Please print the entries below exactly, from the line with "Kawasaki Badminton Backpack" through the line with "Vaskepulver, Kulørt vask, 785", including both of those lines and leaving out all others.

INPUT DATA:
-----

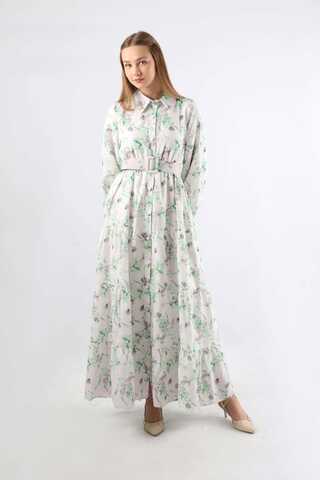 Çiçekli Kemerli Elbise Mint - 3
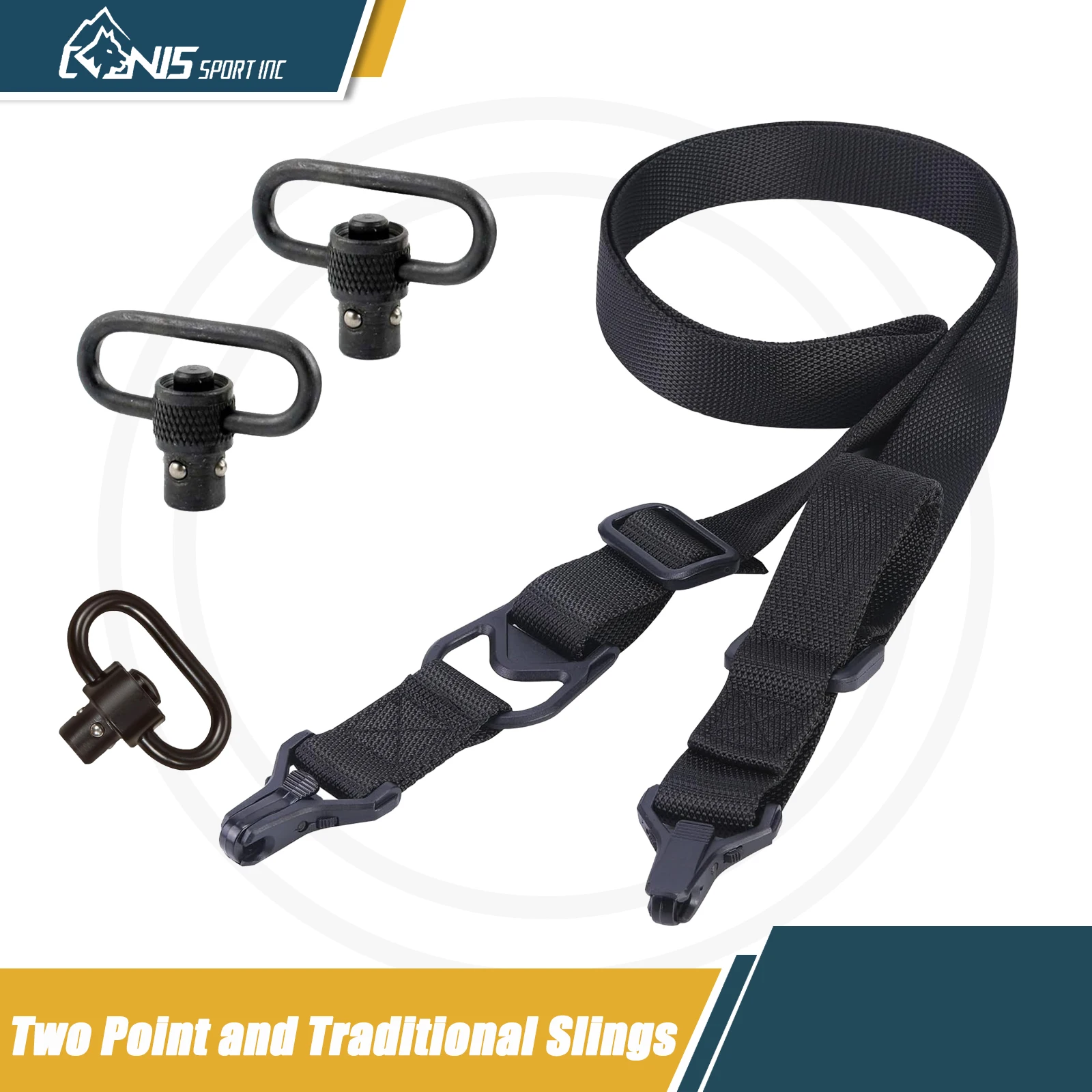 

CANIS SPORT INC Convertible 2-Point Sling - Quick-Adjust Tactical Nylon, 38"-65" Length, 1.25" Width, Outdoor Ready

-----

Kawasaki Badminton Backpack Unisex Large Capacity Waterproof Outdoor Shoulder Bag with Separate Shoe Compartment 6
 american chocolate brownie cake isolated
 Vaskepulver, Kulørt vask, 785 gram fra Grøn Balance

-----

WORKED SOLUTION:
Kawasaki Badminton Backpack Unisex Large Capacity Waterproof Outdoor Shoulder Bag with Separate Shoe Compartment 6
 american chocolate brownie cake isolated
 Vaskepulver, Kulørt vask, 785 gram fra Grøn Balance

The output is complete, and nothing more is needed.